Checking the Numbers: Much Ado About Liners

June 25, 2009

Line drives are the hardest-hit balls put in play, resulting in base knocks much more frequently than their fly-ball and ground-ball counterparts. In terms of exact figures, the liner/hit conversion rate averages out to 73 percent, roughly three times as often as balls beaten into the ground, and almost five times as often as those lofted in the air. When trying to estimate BABIP, using the expected values of success-73 percent for line drives, 24 percent for grounders, and 15 percent for fly balls-proves to be a more accurate methodology than the popular formula developed by Dave Studeman that adds .12 to the line-drive percentage of a player.

Using the expected values helps to differentiate between, say, bloop popups that fall in between fielders for doubles and the scorched liner that a third baseman snares on a dive, dealing with the probability of success instead of the actual results. Clearly, the latter example will add to hit totals at a higher rate than the former, something that should be accounted for in any sort of estimation or expectation formula. Several issues arise when discussing line drives, however, involving correlation to overall performance, classification and park factors, and plate discipline with regards to the batter/pitcher matchup; this last point was brought up in the comments section of our look at Pedro Feliz and other substantial jumps in on-base percentage over the years.

Relative to overall performance, it stands to reason that those belting liners at higher clips will post better triple-slash stats. After all, if a hitter hovers around the normal batting average and slugging marks of .733 and 1.013 on liners, while scorching the ball more frequently than other players, he is expected to experience more success on balls in play, potentially translating into better all-around performance. But are line-drive rates stable for players, staying relatively consistent from year to year? And piggybacking off of that question, for that matter are success rates on liners consistent?

I have discussed intra-class correlations in this space several times before; they work much like a year-to-year correlation, incorporating multiple seasons for each player as opposed to just two. Running the ICC first for overall line-drive rates from 2003-08 produced a correlation of 0.33, suggesting that the rates at which batters hit frozen ropes is of moderate stability from year to year. When batting averages on line drives were placed under the ICC lens, a measly correlation of 0.14 surfaced, indicating that the success rates are not necessarily consistent in the aggregate on a multi-year level. The 0.043 standard deviation provides that roughly two-thirds of the players queried fell between .687 and .773; 95 percent of the players would fall between LD-BAs of .644 and .816.

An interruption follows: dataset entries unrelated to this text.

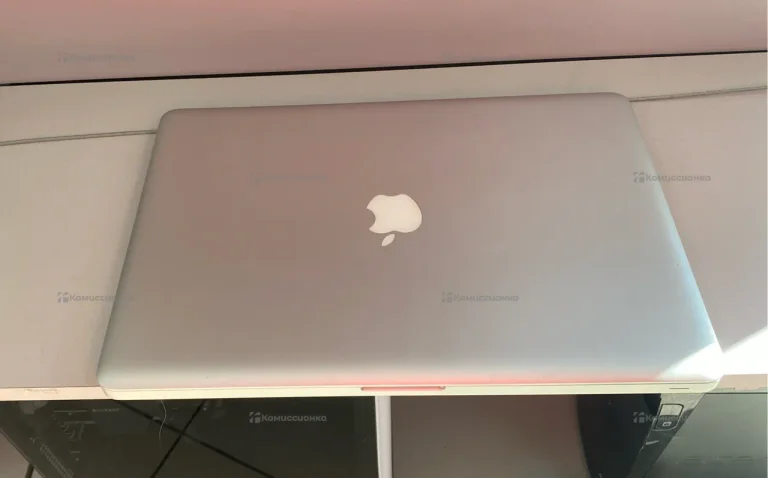 Ноутбук  MacBook Pro 2010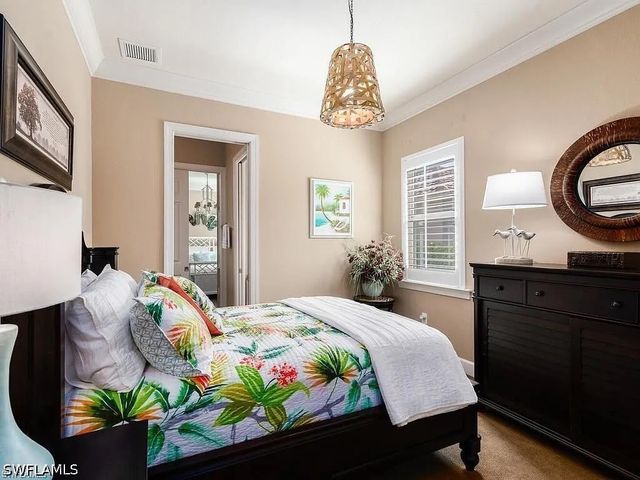 9392 Copper Rock CT, Naples, FL 34120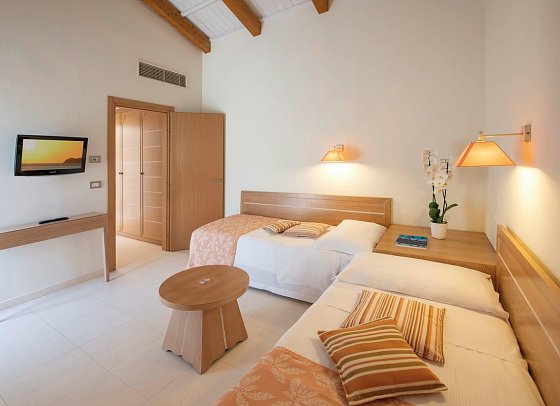 Vivosa Apulia Resort - Wohnbeispiel Familienzimmer Superior Plus (Zimmercodierung FS2)
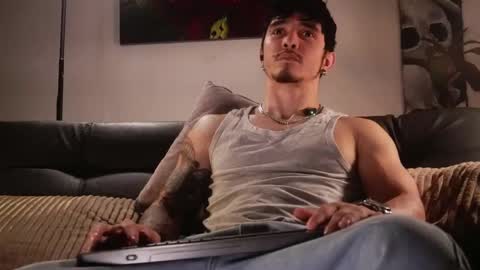 insta damn8   ---         -----  online show from April 8, 11:59 pm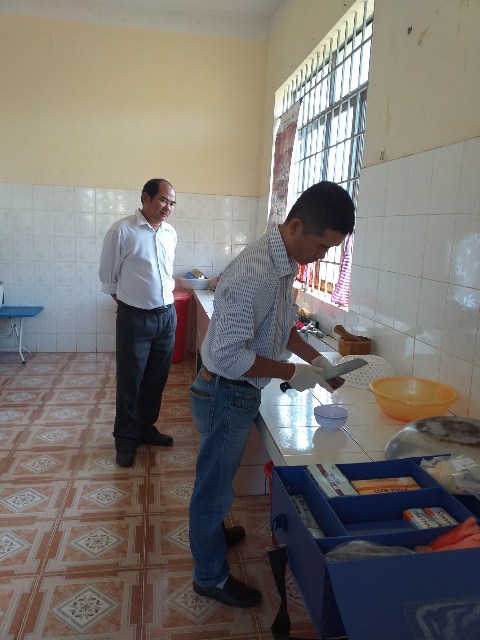 Hội Liên hiệp phụ nữ thị xã Buôn Hồ giám sát việc triển khai thực hiện vệ sinh an toàn thực phẩm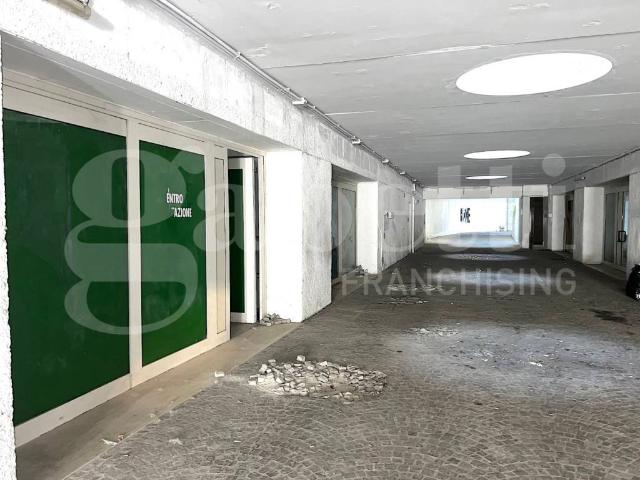 Locale Commerciale in vendita a San Lazzaro, Isernia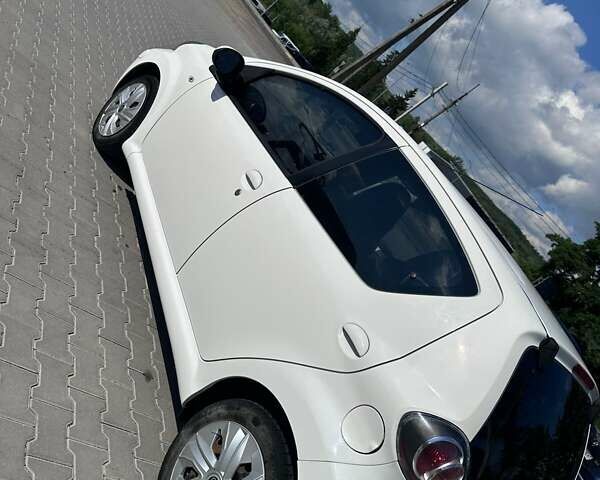 Белый Тойота Айго, объемом двигателя 1 л и пробегом 170 тыс. км за 4800 $, фото 3 на Automoto.ua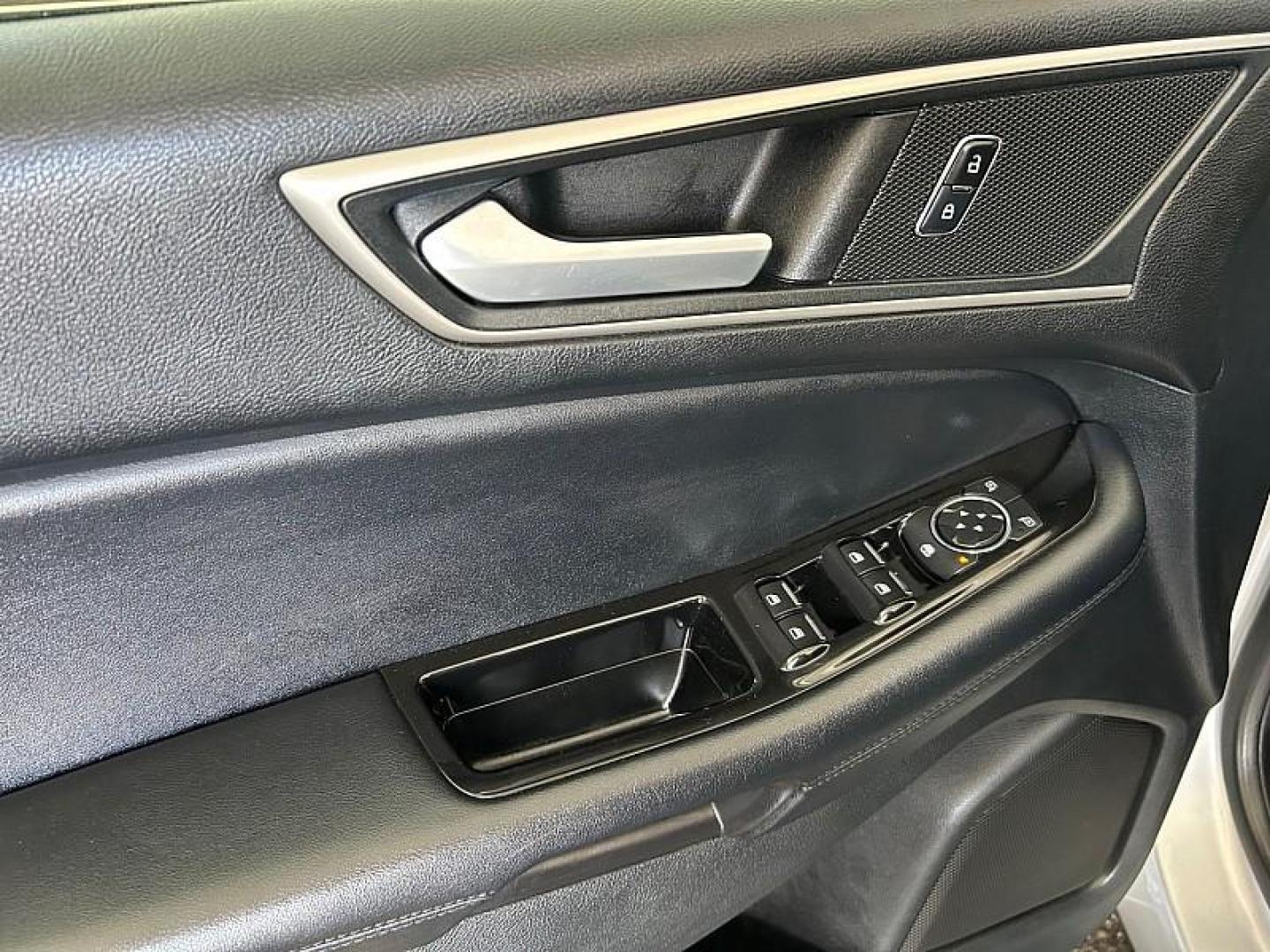 2018 GRAY Ford Edge (2FMPK3J93JB) with an 4-Cyl EcoBoost 2.0L engine, Auto 6-Spd SelShft transmission, located at 412 Auto Vista Drive, Palmdale, 93551, (661) 945-0620, 34.592636, -118.136681- Photo#29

What happens when players deviate drastically from the mean? Many very astute analysts are quick to bifurcate levels of luck when discussing BABIP, but getting a little more granular can help explain the reasoning behind such shifts. Given the standard deviation of the data set, players soaring well past or falling well below their means in a specific ball-in-play area, instead of the overall mark, could justifiably be considered lucky or unlucky in that specific area. In other words, instead of commenting on a player’s level of luck relative to his overall BABIP, dig deeper. Let me reiterate that I am in no way suggesting that success, or the lack thereof, on balls in play will always be the root cause of a player’s struggles, but rather putting it out there as a potential cause worthy of investigation. For instance, take a look at Jimmy Rollins of the Phillies, who since 2003 has boasted LD-BAs ranging from .723-.766, equaling or besting the league average. Through Wednesday, Rollins had nosedived toward a .600 mark, well below the league as well as his own expected threshold.

Since 2003, among those with at least 75 line drives, only three players-Jason Kendall in 2007, Scott Podsednik in 2004, and Placido Polanco in 2004-have posted LD-BAs lesser than, or equal to, Rollins’ current mark. It would seem that Rollins is certainly bound for some kind of regression over the remaining three months, but you can now see how few contemporaries have actually ended up this low in their success frequencies on liners. Another cause for concern with Rollins involves his .188/.214 BA/SLG on grounders in a .242/.263 league. From 2003-07, Rollins bested the league with a .252/.284 line, but plummeted last season to just .194/.211. Considering the virtually identical numbers from a year ago, the idea that he has been unlucky on grounders doesn’t hold as much water.

Falling below the league averages and personal levels of performance on balls-in-play statistics is certainly noteworthy from an anecdotal standpoint, but don’t fool yourself into thinking that if Rollins’ LD-BA were adjusted to the .730 range, all of his issues would magically subside. In fact, if his .600 LD-BA rose to .730, and a few of the hits were credited as doubles, with such a small number of raw line drives this “early” in the season, Rollins would only see his line rise from .214/.257/.332 to something in the vicinity of .234/.281/.359, essentially the slash-line equivalent of putting lipstick on a pig. With regards to the line drives themselves, Rollins may very well be belting the ball right at fielders, but he also could be hitting weak or soft liners-balls classified as line drives based on their observed trajectory, but not necessarily limiting the reaction time of the fielder as much as your standard frozen rope. This serves as the perfect segue into a discussion of the classification issues with line drives and balls in play.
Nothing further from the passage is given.